◆ Records shown
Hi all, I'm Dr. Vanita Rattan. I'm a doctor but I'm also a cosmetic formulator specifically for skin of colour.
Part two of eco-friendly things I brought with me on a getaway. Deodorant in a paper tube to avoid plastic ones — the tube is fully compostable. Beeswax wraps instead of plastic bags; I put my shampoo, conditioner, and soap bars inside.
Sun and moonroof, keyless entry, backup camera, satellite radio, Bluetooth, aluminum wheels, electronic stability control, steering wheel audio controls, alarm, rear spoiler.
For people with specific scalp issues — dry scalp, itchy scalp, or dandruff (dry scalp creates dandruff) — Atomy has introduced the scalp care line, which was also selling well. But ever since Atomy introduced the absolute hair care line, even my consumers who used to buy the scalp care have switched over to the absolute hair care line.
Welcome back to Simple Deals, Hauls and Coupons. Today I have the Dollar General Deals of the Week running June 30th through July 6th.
---
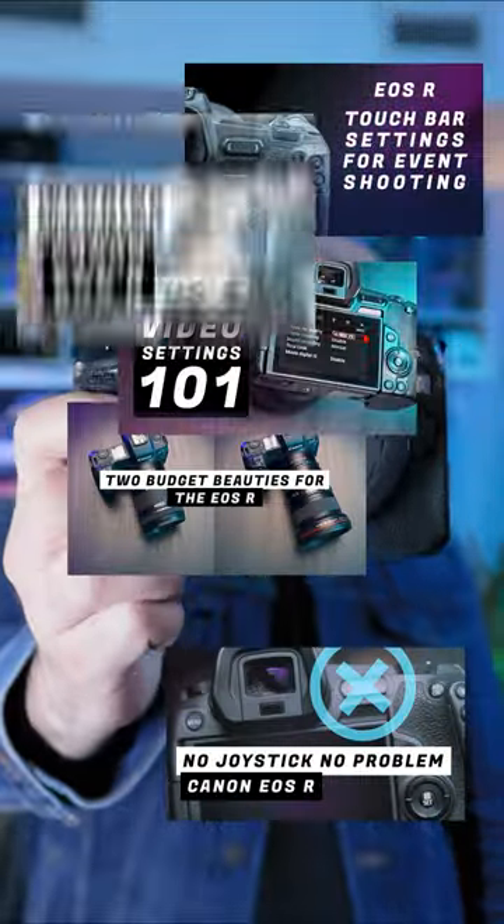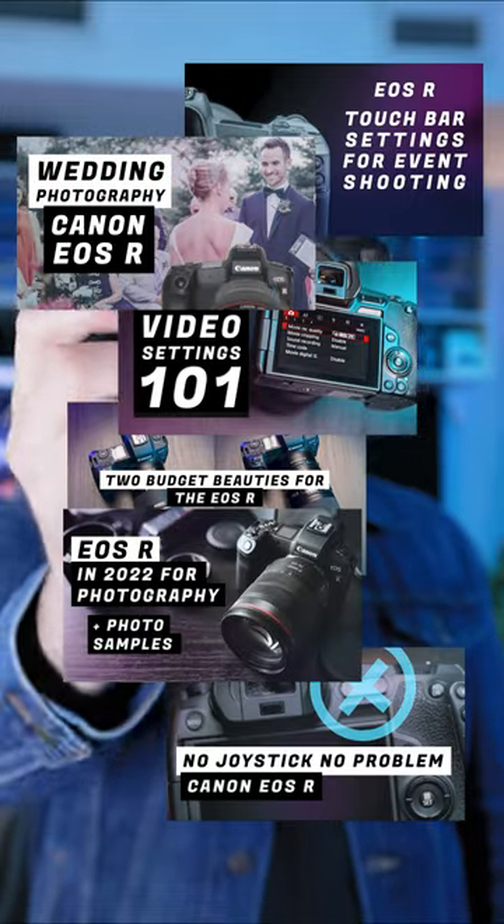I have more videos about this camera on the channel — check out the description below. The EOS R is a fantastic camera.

◆ Task instructions
Taking the material above, extract exactly and only the lines from the line with "Hi all, I'm" to the line with "Sun and moonroof, keyless", inclusive of both.

◆ Reply to the task
Hi all, I'm Dr. Vanita Rattan. I'm a doctor but I'm also a cosmetic formulator specifically for skin of colour.
Part two of eco-friendly things I brought with me on a getaway. Deodorant in a paper tube to avoid plastic ones — the tube is fully compostable. Beeswax wraps instead of plastic bags; I put my shampoo, conditioner, and soap bars inside.
Sun and moonroof, keyless entry, backup camera, satellite radio, Bluetooth, aluminum wheels, electronic stability control, steering wheel audio controls, alarm, rear spoiler.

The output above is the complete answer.